Another bug occurs somewhat less frequently, but is even more crippling: When you double-click on a file in the Finder to open it in its parent application, Mac OS X switches to the parent application, but fails to open the file in question. It’s immensely frustrating and, once it’s started happening, there is nothing you can do to fix it, short of a restart, as far as I can tell. The only way to open files once this starts happening is to switch to the parent application, bring up the “Open…” dialog box, browse to the location where the target is, and open it that way. Needless to say, even with a third-party navigation aid such as Default Folder X, it’s mightily frustrating.

Finally, twice in the past week now I have experienced a very old Mac OS X bug that I thought was gone for good: All of a sudden, when I try launching an application, the application’s Dock icon starts bouncing endlessly in the Dock and the application never fully launches. Instead, eventually (after a few minutes of endless bouncing), the bouncing stops, but the application icon stays there without the status light indicating that it’s open, and right-clicking on it results in an “Application not responding” message. You can force-quit and try again, but it won’t work any better the second time.

And once this starts happening, if you want to get anything accomplished with your Mac, you really have no choice but to restart the entire machine.

It is hard to believe that Snow Leopard comes with such a crop of crippling, usability-wrecking bugs, especially since it was supposed to be a bug-fixing release.
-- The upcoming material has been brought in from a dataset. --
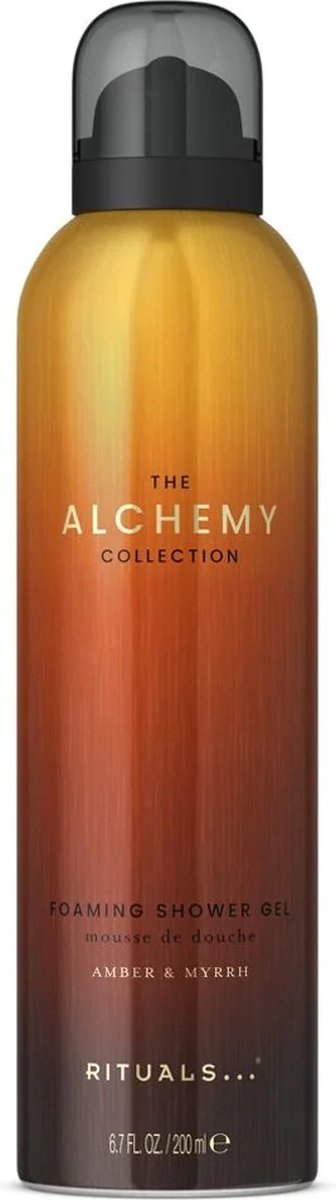 The Alchemy Collection Foaming Shower Gel - Limited Edition douchegel 200ml.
And of course, since these bugs seem to occur randomly, it’s pretty much impossible to provide Apple with steps to reproduce them. But it does not mean that they don’t exist, and that they are not crippling! It is indeed pretty much impossible to believe that there could be something in my own particular setup that would be causing this. (And I have also seen enough on-line reports that corroborate what I am experiencing.) Unfortunately, the only “solution” with this type of bugs is to wait until Apple’s engineers notice the bugs themselves and actually start seriously working on fixing them.

I also wouldn’t be surprised if all these bugs were somehow related to each other, and part of the revamp of “launch services” in Snow Leopard, which has generated its fair share of controversy, especially with the disappearance of Mac OS X’s support for creator codes.

This is of course not enough for me to want to go through the grief of reverting to Mac OS X 10.5 (Leopard). But it is still a very disappointing turn of events, and I for one cannot wait for Apple to take all these problems really seriously and fix them once and for all.